33The company nominated Deloitte Restructuring Inc. as Monitor. At the initial hearing, I raised the question as to whether it was appropriate for Deloitte Restructuring Inc. to act as Monitor, in light of the engagement of Deloitte LLP to conduct a review of revenue recognition practices. Counsel to Comerica Bank submitted that there was a risk that the Proposed Monitor may be required to review the advice given by Deloitte LLP with respect to the Applicant’s historical revenue recognition protection. In my view, the potential impact on stakeholders of the investigation could be significant and could lead to the appearance of conflict. It is essential that the Monitor be seen to be completely independent. The risk raised by Comerica Bank has to be taken into account. In my view, it would be appropriate for Deloitte Restructuring Inc. to withdraw as proposed Monitor.
34The application was brought on short notice. The Applicant has outlined in its materials that it intends to return to court to seek a DIP loan, but this issue does not have to be addressed today.
35The Applicant does seek the Administration Charge.
36I am satisfied that the amount of $250,000.00 for the Administration Charge is both reasonable and appropriate and it is approved.
37Likewise, I am satisfied that it is appropriate to grant a Directors’ Charge in the amount of $1,385,000 on the terms set out in the order. It is acknowledged that the benefit of the Directors’ Charge is only available to the extent that liabilities are not covered by the D&O Insurance.
38The priorities of the various charges are set out at paragraph 33 of the draft order.
39In summary, having reviewed the record, I am satisfied that the Applicant is a “debtor company” within the meaning of CCAA and that the Applicant has unsecured liabilities in excess of the required $5,000,000.
40I am also satisfied that the Applicant is insolvent and has defaulted on its obligations. Furthermore, it seems to me that the Applicant requires a stay of proceedings to provide the breathing space necessary to continue normal operations while it solicits parties willing to purchase the assets of the Applicant.
41The required financial statements have been filed.

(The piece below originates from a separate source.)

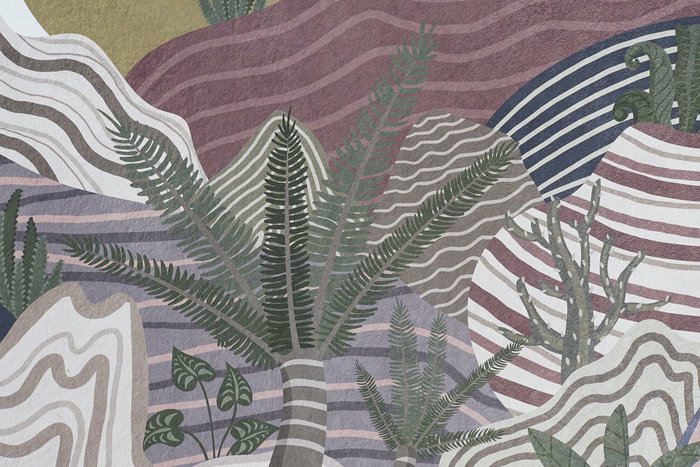 DKD Home Decor Cuadro Boho con Montañas Multicolor Granate de Lienzo y Ps, 73 cm Alto x 53 cm Ancho x 4.5 cm Profundidad (2 Unidades)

42Accordingly, circumstances exist in this case that make it appropriate to grant the Applicant protection under the CCAA.
43Prior to the completion of submissions, counsel to the Applicant advised that PricewaterhouseCoopers Inc. had provided its consent to act as Monitor, in place of Deloitte Restructuring Inc.
44Accordingly, CCAA protection is granted. PricewaterhouseCoopers Inc. is appointed as Monitor. The stay is in effect until March 7, 2016. The comeback hearing has been scheduled for March 4, 2016.